There is a debate in some circles over the use of post-processing software like Photoshop when producing a photographic image. There are people who call themselves 'purists' who feel that somehow an image processed with Photoshop isn't a legitimate photograph. While I admire the purist idea, I think in most cases the notion of a 'pure' image is a false one. In fact, short of using a pinhole camera, almost every image (film or digital) is 'processed' in some manner simply by the selection of camera, lens, film, ISO, filtration, development chemicals (if film) or the JPEG settings on a DSLR. All these factors contribute to the final image and affect the purity in one way or another.

When I shot film I was in the anti-Photoshop camp. Photoshop acquired a reputation as a tool to use to falsify an image. However, after some more reflection, I realized this was a bad rap. Photographers over the years have found ways to manipulate their images, whether to help them reach the artists full visualization, or to create something fake.

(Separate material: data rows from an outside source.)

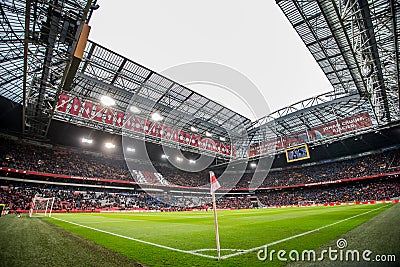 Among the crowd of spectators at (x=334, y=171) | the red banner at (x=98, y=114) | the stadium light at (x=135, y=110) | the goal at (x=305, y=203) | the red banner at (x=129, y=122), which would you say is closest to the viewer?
the red banner at (x=129, y=122)

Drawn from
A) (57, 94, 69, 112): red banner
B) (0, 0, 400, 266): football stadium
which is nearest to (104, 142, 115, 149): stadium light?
(0, 0, 400, 266): football stadium

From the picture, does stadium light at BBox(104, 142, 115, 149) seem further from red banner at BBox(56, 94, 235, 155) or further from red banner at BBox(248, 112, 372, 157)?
red banner at BBox(248, 112, 372, 157)

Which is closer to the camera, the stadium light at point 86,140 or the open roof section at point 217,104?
the open roof section at point 217,104

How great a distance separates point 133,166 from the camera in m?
39.2

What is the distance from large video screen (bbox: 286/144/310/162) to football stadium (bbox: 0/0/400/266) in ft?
0.55

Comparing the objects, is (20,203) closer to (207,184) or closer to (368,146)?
(207,184)

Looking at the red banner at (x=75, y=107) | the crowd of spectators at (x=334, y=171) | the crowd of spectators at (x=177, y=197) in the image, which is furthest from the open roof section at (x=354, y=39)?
the red banner at (x=75, y=107)

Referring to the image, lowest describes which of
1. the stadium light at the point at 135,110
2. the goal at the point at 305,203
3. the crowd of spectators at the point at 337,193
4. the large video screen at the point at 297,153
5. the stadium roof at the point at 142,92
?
the goal at the point at 305,203

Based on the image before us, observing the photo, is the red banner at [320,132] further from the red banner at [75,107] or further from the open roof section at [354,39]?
the red banner at [75,107]

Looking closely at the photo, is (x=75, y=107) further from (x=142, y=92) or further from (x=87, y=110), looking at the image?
(x=142, y=92)

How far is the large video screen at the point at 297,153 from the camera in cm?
3131

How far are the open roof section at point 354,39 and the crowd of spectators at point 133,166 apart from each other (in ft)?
55.1

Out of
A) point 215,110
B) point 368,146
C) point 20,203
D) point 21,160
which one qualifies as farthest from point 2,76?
point 368,146

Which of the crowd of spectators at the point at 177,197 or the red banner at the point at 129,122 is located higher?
the red banner at the point at 129,122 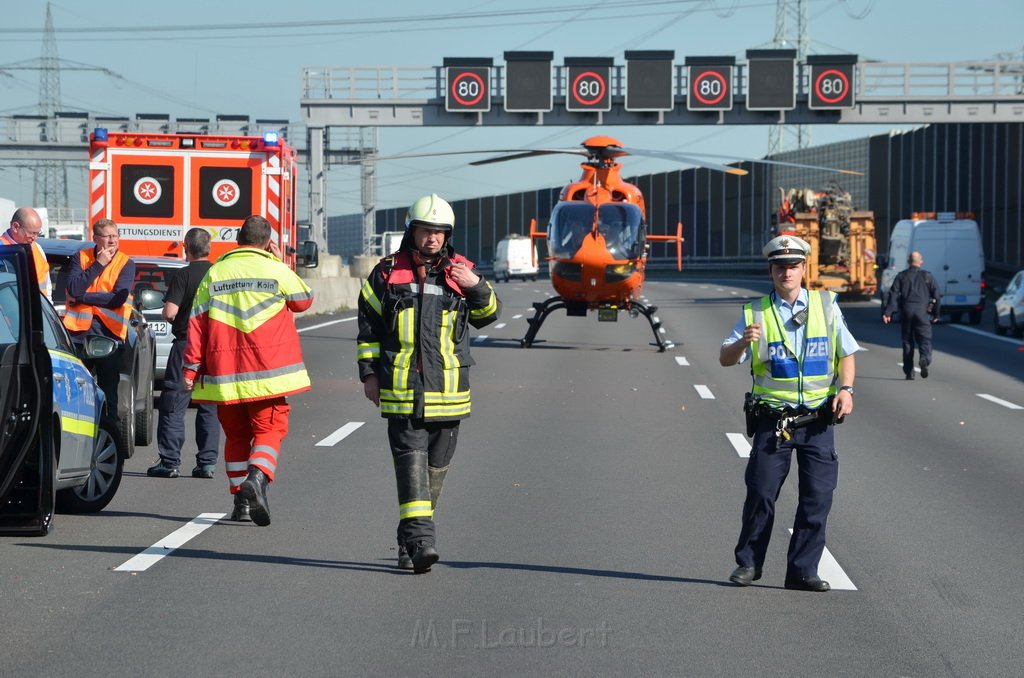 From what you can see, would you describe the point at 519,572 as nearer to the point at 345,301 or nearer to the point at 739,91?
the point at 345,301

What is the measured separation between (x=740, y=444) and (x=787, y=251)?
6260 millimetres

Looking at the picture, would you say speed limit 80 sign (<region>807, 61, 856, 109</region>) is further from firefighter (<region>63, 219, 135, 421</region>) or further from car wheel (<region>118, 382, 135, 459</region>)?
car wheel (<region>118, 382, 135, 459</region>)

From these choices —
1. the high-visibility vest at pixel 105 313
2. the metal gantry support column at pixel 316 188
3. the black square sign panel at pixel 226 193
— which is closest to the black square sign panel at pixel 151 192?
the black square sign panel at pixel 226 193

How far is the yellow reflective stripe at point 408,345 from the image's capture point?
740cm

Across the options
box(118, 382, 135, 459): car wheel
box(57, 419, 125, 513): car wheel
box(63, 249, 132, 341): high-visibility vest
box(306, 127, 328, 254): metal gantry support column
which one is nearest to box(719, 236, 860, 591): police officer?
box(57, 419, 125, 513): car wheel

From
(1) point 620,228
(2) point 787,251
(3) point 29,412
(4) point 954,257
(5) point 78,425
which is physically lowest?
(5) point 78,425

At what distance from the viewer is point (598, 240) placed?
27.2m

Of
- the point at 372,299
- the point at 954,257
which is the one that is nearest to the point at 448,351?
the point at 372,299

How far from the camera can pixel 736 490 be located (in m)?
10.6

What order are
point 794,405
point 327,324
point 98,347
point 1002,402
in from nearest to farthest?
point 794,405, point 98,347, point 1002,402, point 327,324

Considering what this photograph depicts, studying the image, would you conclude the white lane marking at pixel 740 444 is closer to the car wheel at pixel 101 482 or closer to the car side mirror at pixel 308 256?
the car wheel at pixel 101 482

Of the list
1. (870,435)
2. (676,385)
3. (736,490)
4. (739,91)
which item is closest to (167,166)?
(676,385)

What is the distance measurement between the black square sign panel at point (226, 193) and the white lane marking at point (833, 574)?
44.8ft

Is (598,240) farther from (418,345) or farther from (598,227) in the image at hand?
(418,345) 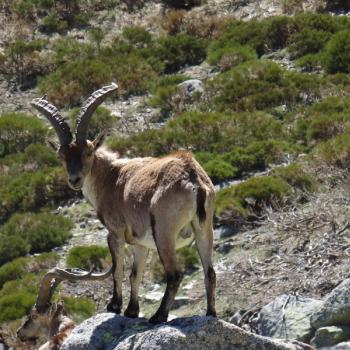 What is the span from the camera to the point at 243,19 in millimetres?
32188

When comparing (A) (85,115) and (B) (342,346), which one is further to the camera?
(A) (85,115)

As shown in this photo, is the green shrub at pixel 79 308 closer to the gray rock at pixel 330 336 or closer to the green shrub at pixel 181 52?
the gray rock at pixel 330 336

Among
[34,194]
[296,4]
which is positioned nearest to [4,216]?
[34,194]

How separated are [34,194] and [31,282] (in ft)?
15.4

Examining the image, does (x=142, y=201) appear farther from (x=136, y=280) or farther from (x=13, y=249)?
(x=13, y=249)

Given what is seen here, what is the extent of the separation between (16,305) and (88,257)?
1668 mm

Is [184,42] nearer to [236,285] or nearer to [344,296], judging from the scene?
[236,285]

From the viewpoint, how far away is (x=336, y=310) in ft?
39.1

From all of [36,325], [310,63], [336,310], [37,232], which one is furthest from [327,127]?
[336,310]

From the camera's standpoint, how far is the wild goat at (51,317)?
12.9 meters

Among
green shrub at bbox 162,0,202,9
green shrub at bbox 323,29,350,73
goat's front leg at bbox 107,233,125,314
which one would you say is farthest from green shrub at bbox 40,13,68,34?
goat's front leg at bbox 107,233,125,314

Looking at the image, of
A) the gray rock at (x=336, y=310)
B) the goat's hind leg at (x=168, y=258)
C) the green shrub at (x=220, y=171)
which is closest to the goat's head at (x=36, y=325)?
the goat's hind leg at (x=168, y=258)

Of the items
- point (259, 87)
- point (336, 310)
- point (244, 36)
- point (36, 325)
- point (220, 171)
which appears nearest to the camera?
point (336, 310)

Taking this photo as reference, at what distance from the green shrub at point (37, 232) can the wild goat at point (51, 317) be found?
24.0 feet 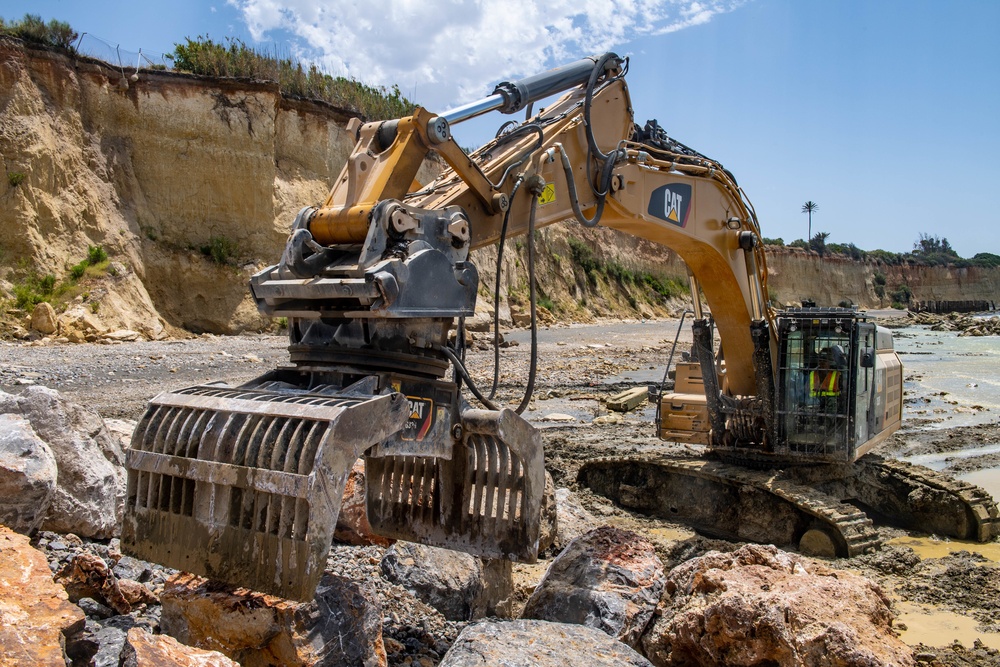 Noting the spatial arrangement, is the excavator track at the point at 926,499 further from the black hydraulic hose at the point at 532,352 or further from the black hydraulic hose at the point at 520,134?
the black hydraulic hose at the point at 520,134

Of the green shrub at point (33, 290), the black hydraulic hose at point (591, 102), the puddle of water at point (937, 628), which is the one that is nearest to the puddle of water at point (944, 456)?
the puddle of water at point (937, 628)

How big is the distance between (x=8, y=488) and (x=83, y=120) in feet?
61.0

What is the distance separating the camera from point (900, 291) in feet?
260

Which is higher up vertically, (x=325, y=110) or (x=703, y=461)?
(x=325, y=110)

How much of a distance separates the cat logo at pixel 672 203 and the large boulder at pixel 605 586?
274 centimetres

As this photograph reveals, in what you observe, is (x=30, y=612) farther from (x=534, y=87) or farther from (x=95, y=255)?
(x=95, y=255)

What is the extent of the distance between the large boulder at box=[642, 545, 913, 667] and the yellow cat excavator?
38.0 inches

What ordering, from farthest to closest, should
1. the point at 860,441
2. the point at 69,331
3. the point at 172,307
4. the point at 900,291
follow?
the point at 900,291 < the point at 172,307 < the point at 69,331 < the point at 860,441

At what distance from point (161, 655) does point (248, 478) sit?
70 cm

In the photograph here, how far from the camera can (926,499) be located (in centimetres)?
784

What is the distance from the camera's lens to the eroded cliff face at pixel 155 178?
59.7 feet

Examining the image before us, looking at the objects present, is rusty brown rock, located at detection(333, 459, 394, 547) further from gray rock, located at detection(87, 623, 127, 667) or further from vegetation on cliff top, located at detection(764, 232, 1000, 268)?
vegetation on cliff top, located at detection(764, 232, 1000, 268)

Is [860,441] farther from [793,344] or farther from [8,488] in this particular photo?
[8,488]

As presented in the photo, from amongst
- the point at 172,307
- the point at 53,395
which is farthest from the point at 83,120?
the point at 53,395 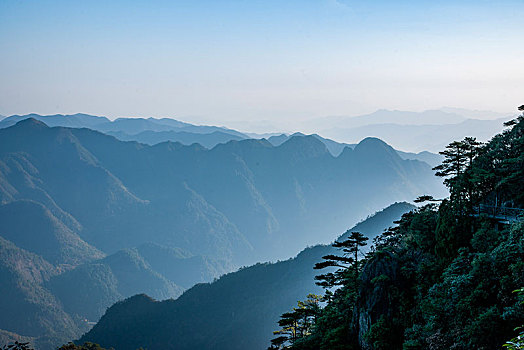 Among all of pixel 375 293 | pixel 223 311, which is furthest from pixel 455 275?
pixel 223 311

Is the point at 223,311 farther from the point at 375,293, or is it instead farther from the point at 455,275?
the point at 455,275

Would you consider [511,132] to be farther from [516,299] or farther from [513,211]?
[516,299]

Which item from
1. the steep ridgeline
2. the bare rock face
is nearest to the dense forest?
the bare rock face

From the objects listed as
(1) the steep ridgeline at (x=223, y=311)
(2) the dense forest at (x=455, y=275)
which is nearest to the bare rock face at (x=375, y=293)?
(2) the dense forest at (x=455, y=275)

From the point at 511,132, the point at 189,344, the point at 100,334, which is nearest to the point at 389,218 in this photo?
the point at 189,344

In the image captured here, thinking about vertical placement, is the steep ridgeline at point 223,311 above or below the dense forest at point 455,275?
below

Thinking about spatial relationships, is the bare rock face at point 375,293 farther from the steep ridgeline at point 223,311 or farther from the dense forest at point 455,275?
the steep ridgeline at point 223,311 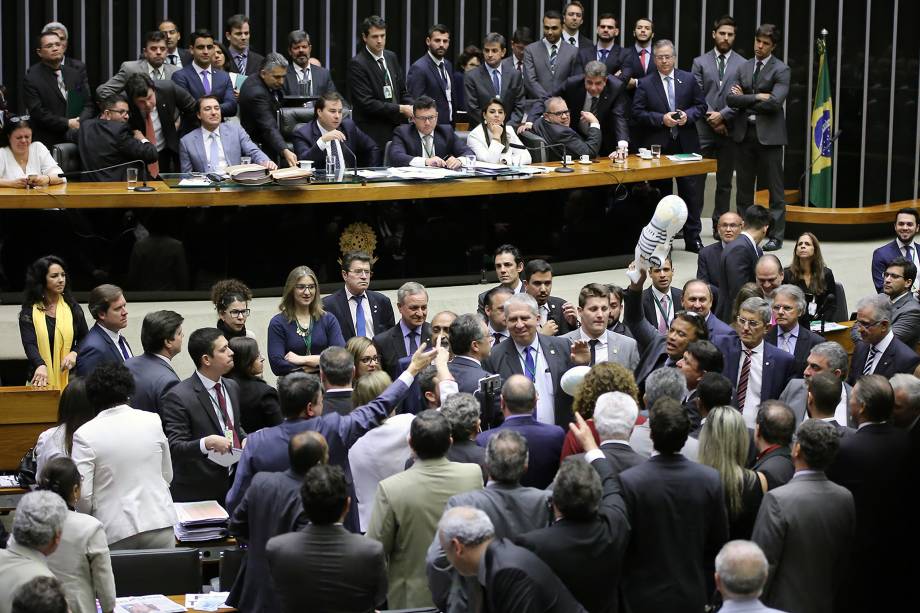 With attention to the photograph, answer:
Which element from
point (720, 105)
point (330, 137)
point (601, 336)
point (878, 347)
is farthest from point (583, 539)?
point (720, 105)

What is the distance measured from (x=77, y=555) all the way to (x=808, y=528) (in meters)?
2.53

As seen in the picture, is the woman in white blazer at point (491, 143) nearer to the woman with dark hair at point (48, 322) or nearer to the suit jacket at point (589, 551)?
the woman with dark hair at point (48, 322)

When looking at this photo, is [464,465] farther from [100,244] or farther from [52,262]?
[100,244]

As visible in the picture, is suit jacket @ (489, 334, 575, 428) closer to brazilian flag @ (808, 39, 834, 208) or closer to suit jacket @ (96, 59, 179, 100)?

I remember reading articles in photography magazines about how to make multiple exposures, perform various darkroom tricks, etc. to enhance or create an image. Using Photoshop (or similar tool) on a digital image is no different.

There are some statements by Ansel Adams in his book The Print which I find particularly pertinent:
"Much effort and control usually go into the making of the negative, not for the negative's own sake, but in order to have the best possible 'raw material' for the final printing."
"In printing, we accept the negative as a starting point [emphasis mine] that determines much, but not all, of the character of the final image. Just as different photographers can interpret one subject in numerous ways, depending on personal vision, so might they each make varying prints from identical negatives."
It is my belief that the use of Photoshop on a digital image is akin to the darkroom development and printing process used to create negatives and prints from film. Chemical darkroom work is probably technically more challenging, but the output is no more or less pure than an image produced from the digital darkroom.